Some 171 members of the House of Representatives backed the petition, which asks the court to rule on an article in the constitution limiting the office of prime ministers to eight years. The court is yet to announce whether it will take up the case.
If so, it is uncertain what ramifications this would have for the Prime Minister Prayuth. A temporary suspension until a ruling is issued is just one of the possible outcomes.
Street protests calling for the resignation of the prime minister have been ongoing in the past couple of days, with police having placed shipping containers to protect streets around government buildings in anticipation of a possible escalation on Tuesday.
Controversy about onset of Prayuth's term
The court is asked to rule on the date that should be used to determine when Prayuth took office and consequently, how long he can remain in his present position.
The current prime minister seized power as an army commander in May 2014 after toppling an elected government in a military coup.
He led a military junta for the first months and was officiated in August of the same year.
His opponents believe this should be the date used to decide on the eight year term limit, which the 68-year-old would then reach on Wednesday, motivating calls for his resignation.
However, his supporters argue that he has been the premier since 2017, when a new constitution was installed or since 2019, after he won a controversial national election.
If the court accepted this claim, Prayuth would have the legal framework to remain in office until 2025 or 2027, as long as he gained enough further support during national elections.

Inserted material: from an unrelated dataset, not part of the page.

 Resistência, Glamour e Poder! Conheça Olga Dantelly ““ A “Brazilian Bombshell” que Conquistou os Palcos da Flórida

The outcome is uncertain, but many analysts think the court will rule in Prayuth's favour.
Increasing disapproval among the public
Critics of Prayuth have been questioning his political legitimacy for the past two years, while polls show that his approval ratings are at an all time low.

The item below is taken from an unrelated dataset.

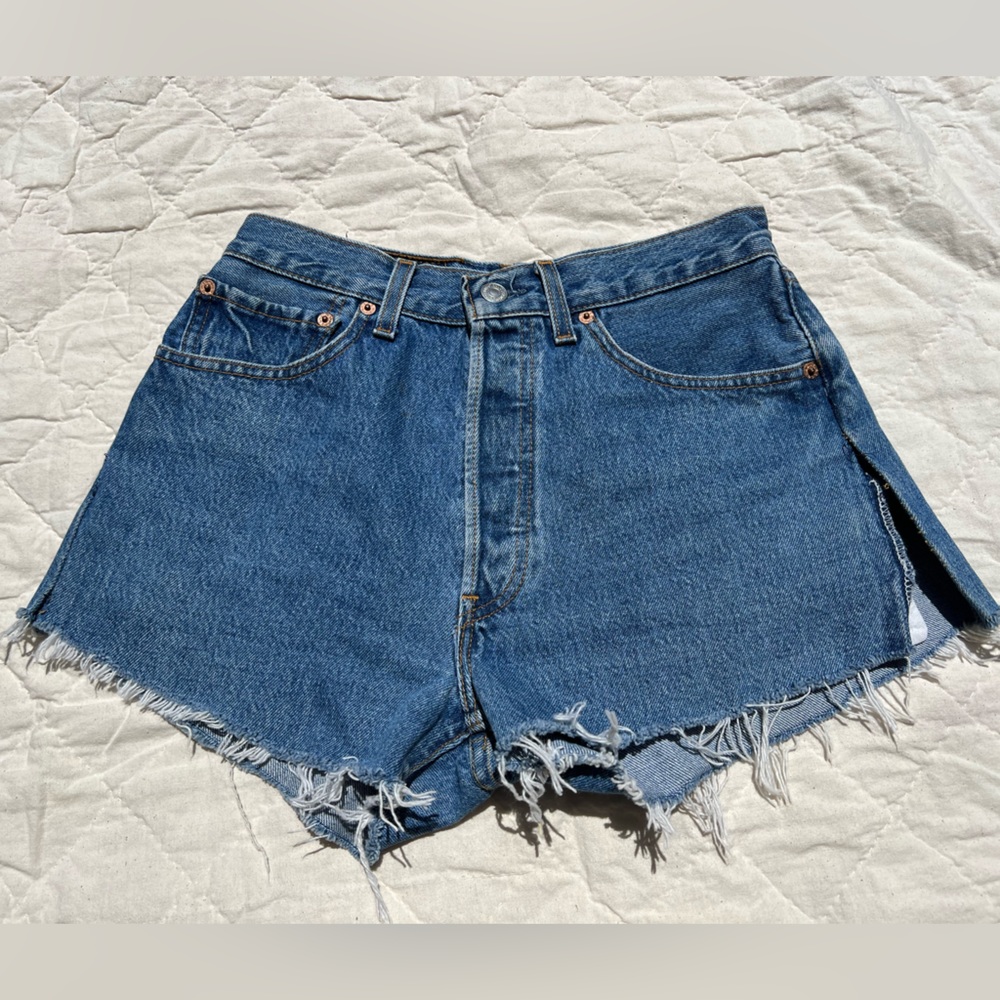 Levi cutoffs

The former army commander has remained in power despite major anti-government protests in 2020, a failed national response to the COVID-19 pandemic, a plummeting economy and political mishaps, but it is the constitution he helped install that could now cost him his office.
Fueling the fire, protesters have become jarred by the economic stagnation and grievances inflicted upon their country during Prayuth's time in office.
However, Prayuth and his coalition government have survived four no-confidence votes since the 2019 election, with the most recent one being held last month.
National elections are scheduled for March 2023, but the premier has the authority to call for an earlier date.